The Oxford Dictionary defines Artificial Intelligence (AI) as the theory and development of computer systems able to perform tasks normally requiring human intelligence, such as visual perception, speech recognition, decision-making, and translation between languages.
AI has aroused widespread interest in the public and private sectors, due to the various technological developments and impacts it has had and continues to have on society. In addition, it is booming from the scientific point of view because of all the disciplines, areas, and techniques that are applied.
The National Colloquium in Artificial Intelligence seeks to bring together specialists in the areas that make up AI to give lectures on topics of their specialty. The guests are contacted by the organizing committee. The talks are scheduled for 50 minutes and are mainly addressed to researchers and graduate students.
This Colloquium is broadcast once a month, usually on Wednesdays at 12:00 pm on the YouTube links of the organizing institutions.
Aprendizaje automático y la IA para las ciencias. Hacia la comprensión
In recent years, machine learning (ML) and artificial intelligence (AI) methods have begun to play a more and more enabling role in the sciences and in industry. In particular, the advent of large and/or complex data corpora has given rise to new technological challenges and possibilities.

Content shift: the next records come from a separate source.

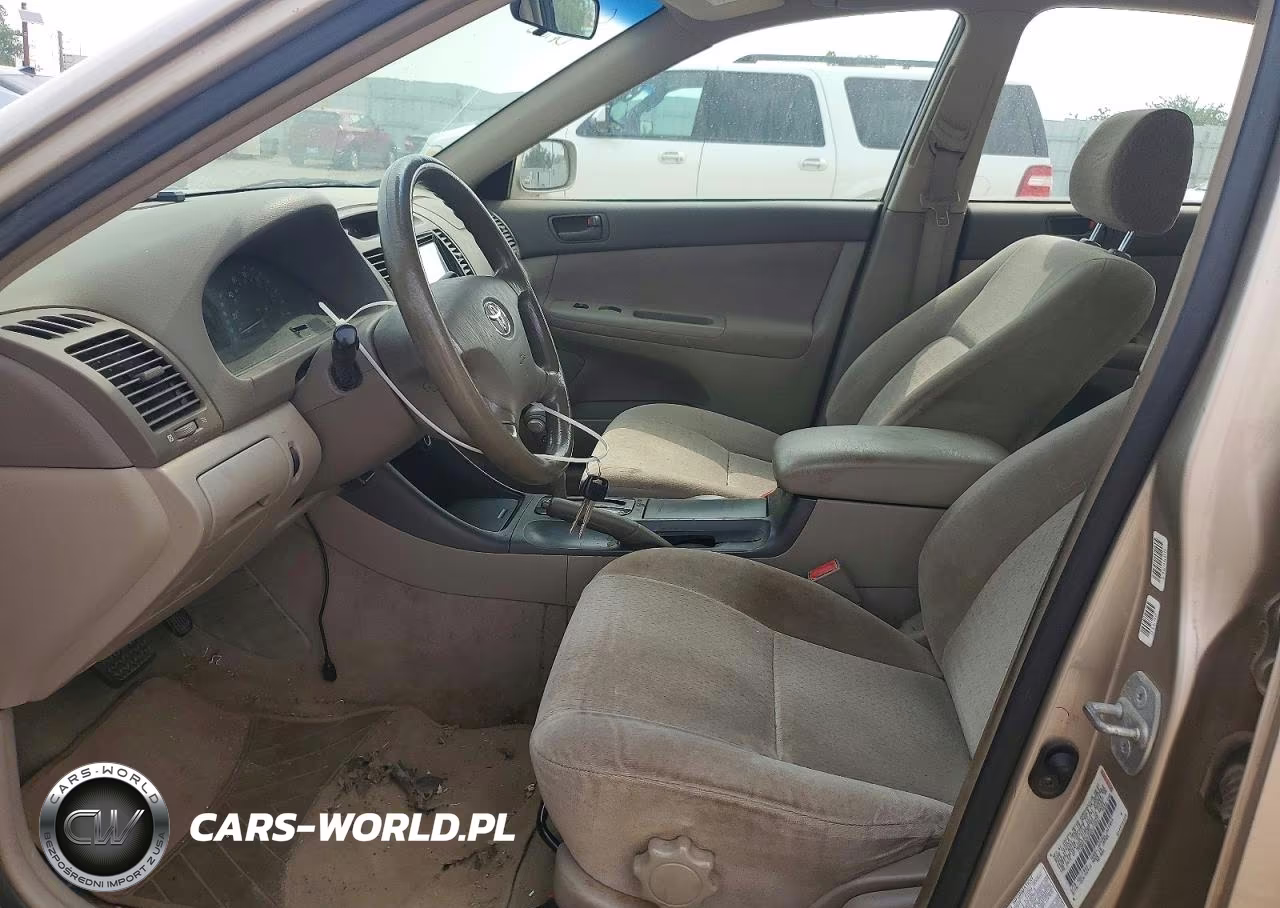 2002 Toyota Camry Le VIN:JTDBE32K020010847 - 7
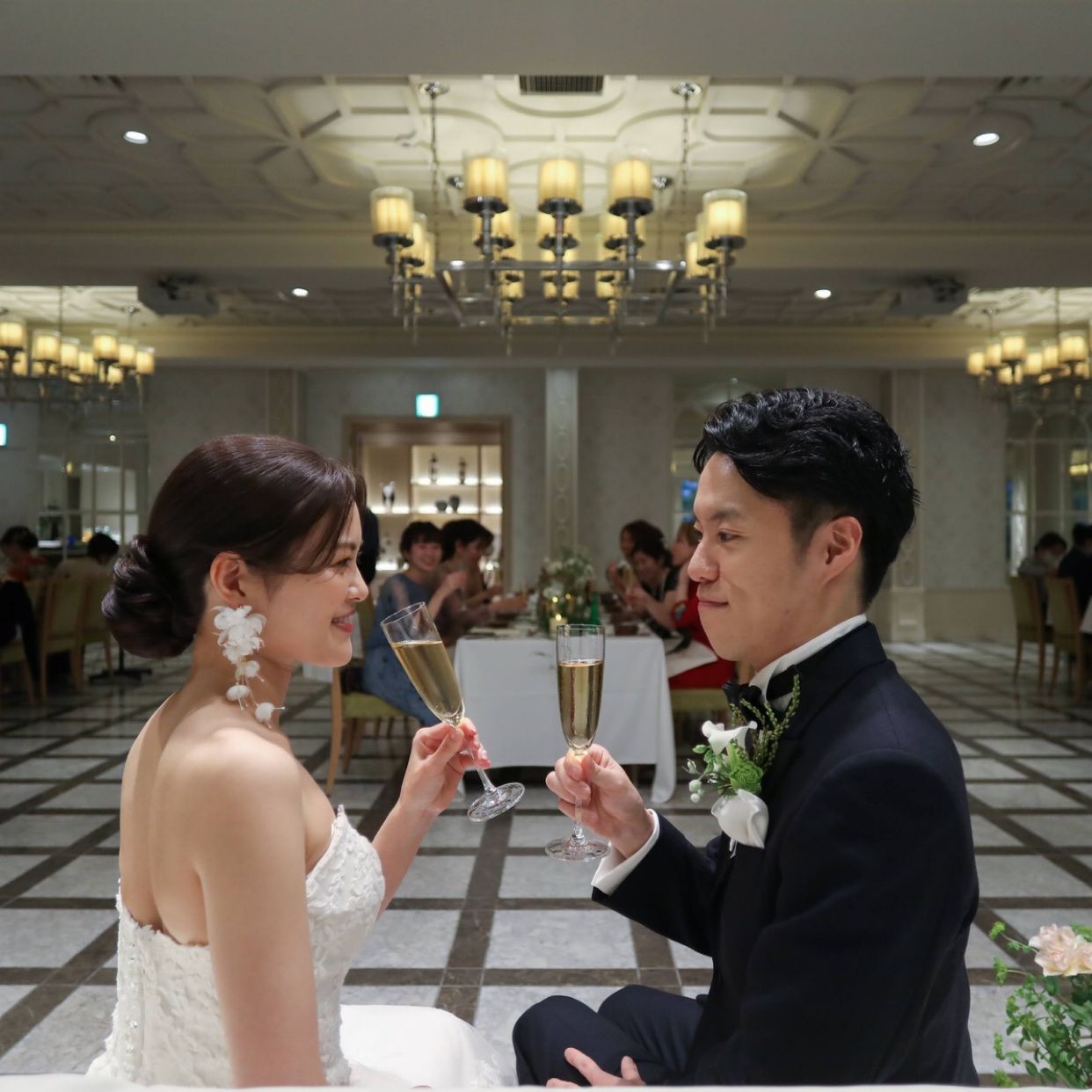 披露宴パーティのカバー写真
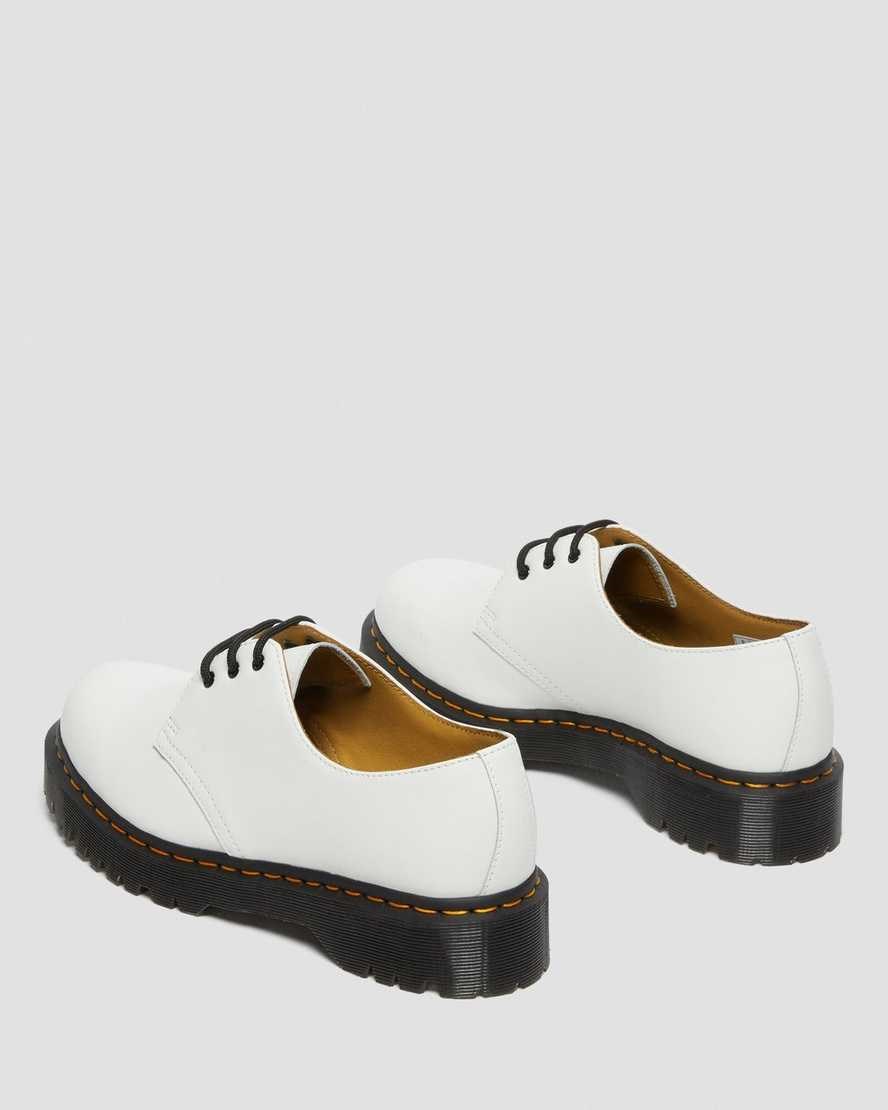 Dr Martens 1461 Bex Smooth Leather Men's Oxford Shoes White Smooth Leather | STAGVD273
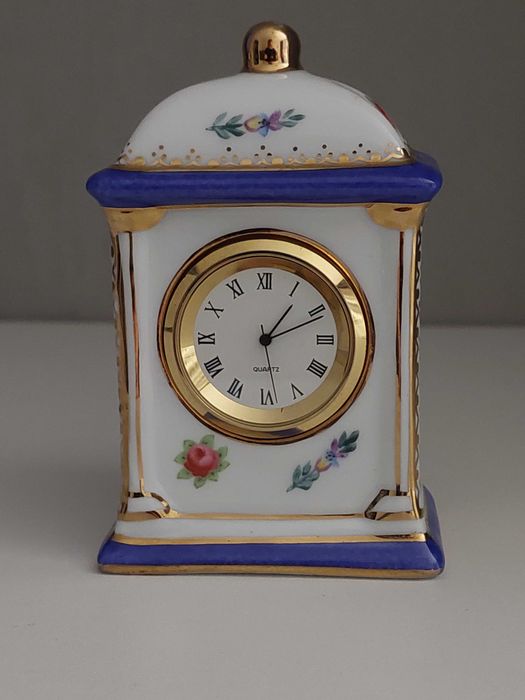 Настільний порцеляновий годинник з Європи
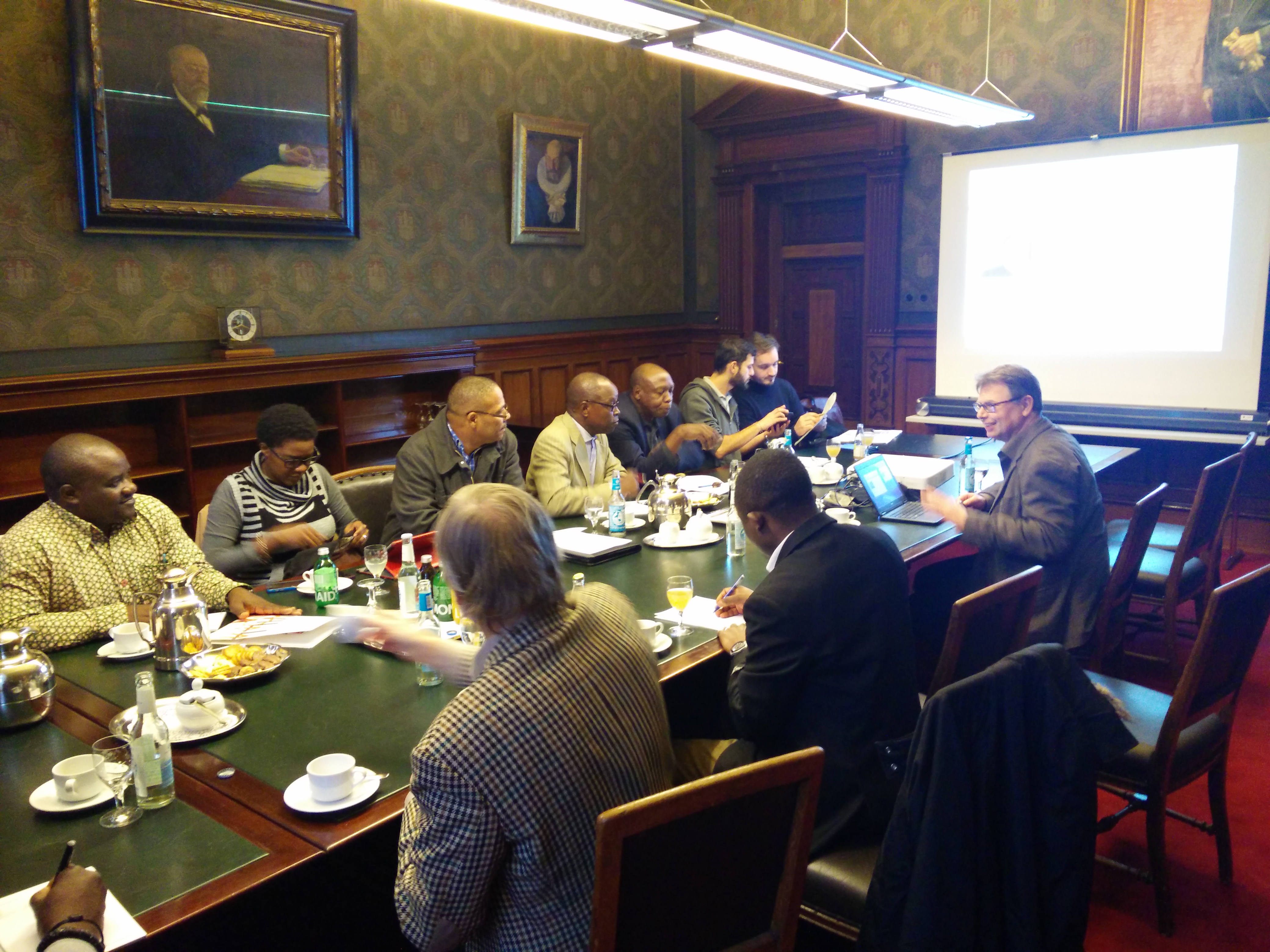 Das Foto zeigt eine Diskussionsrunde im Hamburger Rathaus. Die Teilnehmer der Diskussionsrunde sitzen an einem langen Tisch und tauschen sich aus.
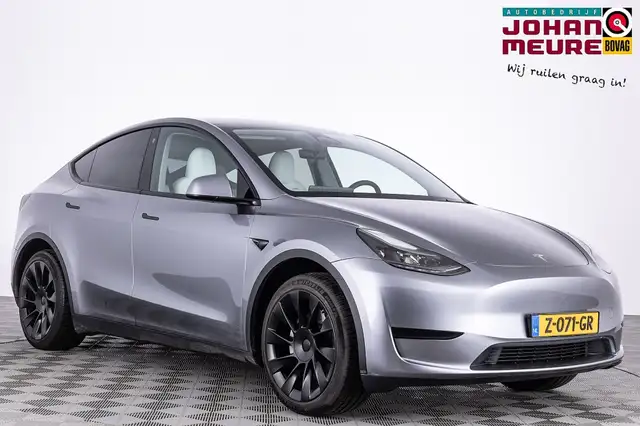Tesla Model Y RWD 58 kWh | PANORAMADAK | LEDER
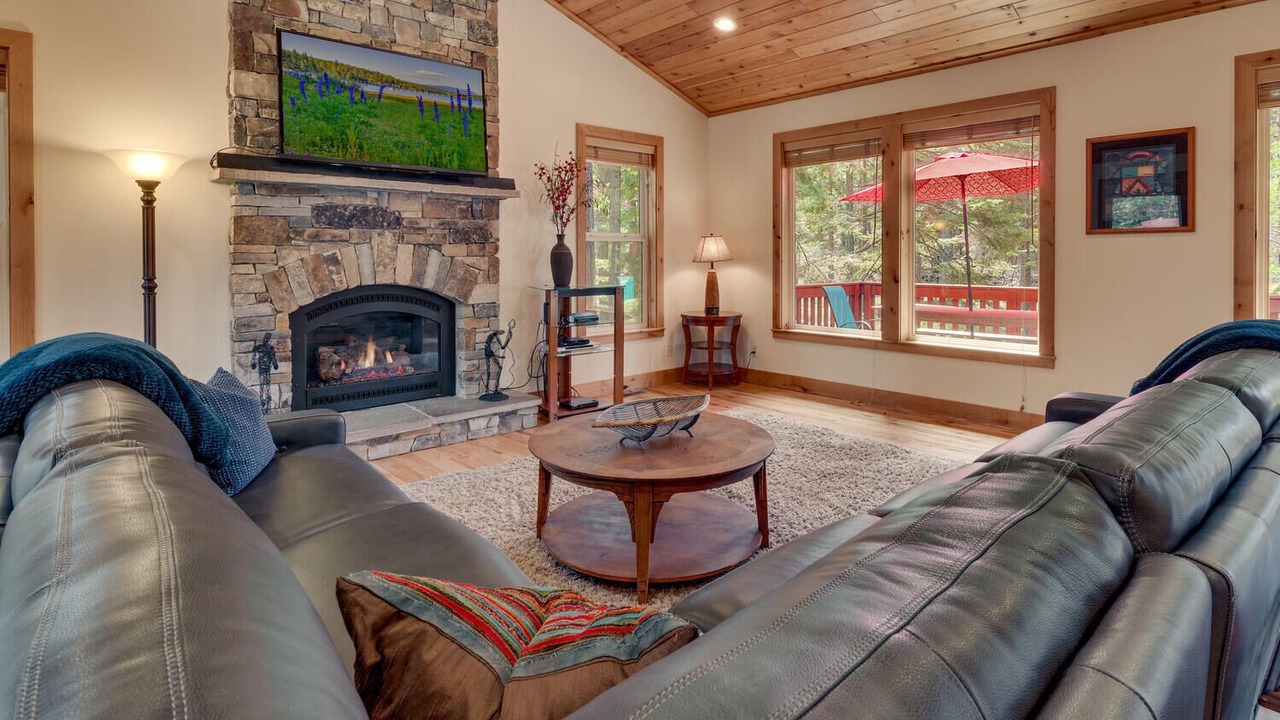 Photo of Livingroom in Tahoe Woods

In his talk, Müller will touch upon the topic of ML applications in the sciences, in particular in neuroscience, medicine and physics. He will also discuss possibilities for extracting information from machine learning models to further our understanding by explaining nonlinear ML models. E.g. Machine Learning Models for Quantum Chemistry can, by applying interpretable ML, contribute to furthering chemical understanding. Finally, Müller will briefly outline Perspectives and limitations.
Prof. Dr. Klaus-Robert Müller - TU Berlin, Korea University, MPI for Informatics and Google Research, Brain Team.
Klaus-Robert Müller received his Ph.D. in theoretical computer science from the University of Karlsruhe. From 1994 to 1995 he was a research fellow at Shun'ichi Amaris lab at the University of Tokyo. 1999 Müller became an associate professor for neuroinformatics at the University of Potsdam, transitioning to the full professorship for Neural Networks and Time Series Analysis in 2003.
Since 2006 he holds the chair for Machine Learning at the Technical University Berlin where he has done pioneering work on SVMs, EEG classification and NNs applied to physics. Since 2012 he holds a distinguished professorship at Korea University in Seoul. He co-founded and is co-director of the Berlin Big Data Center (BBDC) of the Technical University Berlin. Prof. Müller is one of the most cited AI scientists in the world.